Western Digital has quietly started to sell its new WD Blue solid-state hybrid drives with ‘self-learning’ NAND flash cache. The drives are designed to offer solid-state drive-like performance in select applications, but are not expected to be too expensive since they belong to WD’s mainstream family of products.
Initially Western Digital will offer two new-generation WD Blue SSHD models: the WD40E31X drive with 4TB capacity in 3.5” form-factor for desktops as well as the WD10J31X drive with 1TB capacity in 2.5” form-factor for laptops. The solid-state hybrid drives feature 5400rpm spindle speed, Serial ATA-6Gb/s interface, 8GB of intelligent multi-level-cell NAND flash cache, 64MB DRAM cache and so on.
The WD Blue SSHDs automatically determine frequently used LBA sectors of their magnetic media and cache them in the NAND flash memory buffer, significantly speeding up boot times of Windows and load times of frequently used applications. Western Digital claims that its WD Blue SSHDs perform up to four to five times faster than traditional 5400rpm HDDs, based on PCMark Vantage.
The WD Blue hard disk drives are usually positioned for mainstream PCs and users, who are not seeking maximum performance. For enthusiasts, Western Digital offers WD Black HDDs and hybrid drive. In fact, the WD Black² is essentially a 1TB hard drive and a 120GB solid-state drive in one 2.5”/9.5mm form-factor package. The drive connects to the host controller using a single Serial ATA-6Gb/s interface and appears as one storage device with two partitions, allowing users to manually select which storage media – NAND flash or magnetic – to use.

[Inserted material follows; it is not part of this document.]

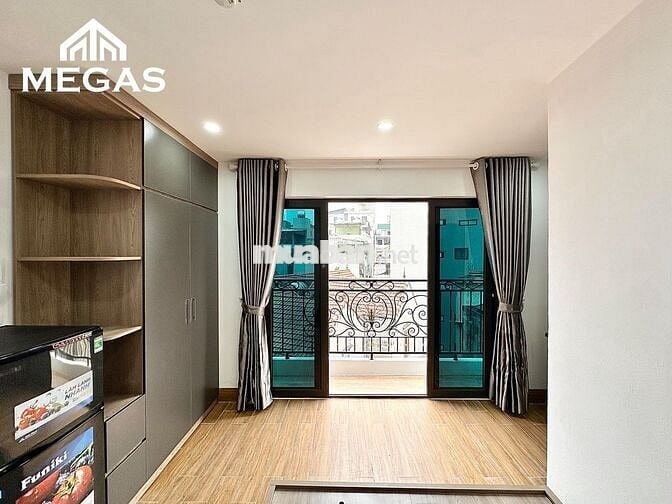 CĂN HỘ STUDIO BAN CÔNG CỬA SỔ THOÁNG FULL ĐỒ NGAY KEANGNAM - MỄ TRÌ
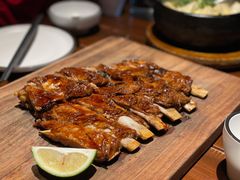 黑椒蜜汁烤肋排-Local泰莲庭(虹鳟鱼店)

Even though the new WD Blue solid-state hybrid drives will not perform like SSDs or the WD Black2, they should combine vast amount of storage space with increased performance in select applications at a moderate cost, something that mainstream users and PC makers need.
The new WD Blue SSHDs feature rather premium pricing. In the U.K., the 4TB WD40E31X costs £142.78, whereas the 1TB WD10J31X is listed for £71.84. In the U.S., the new SSHDs cost $179 and $99 for 4TB and 1TB models, respectively. While the prices are slightly higher compared to 7200rpm HDDs, it should be noted that WD's new SSHDs feature 5400rpm spindle speed.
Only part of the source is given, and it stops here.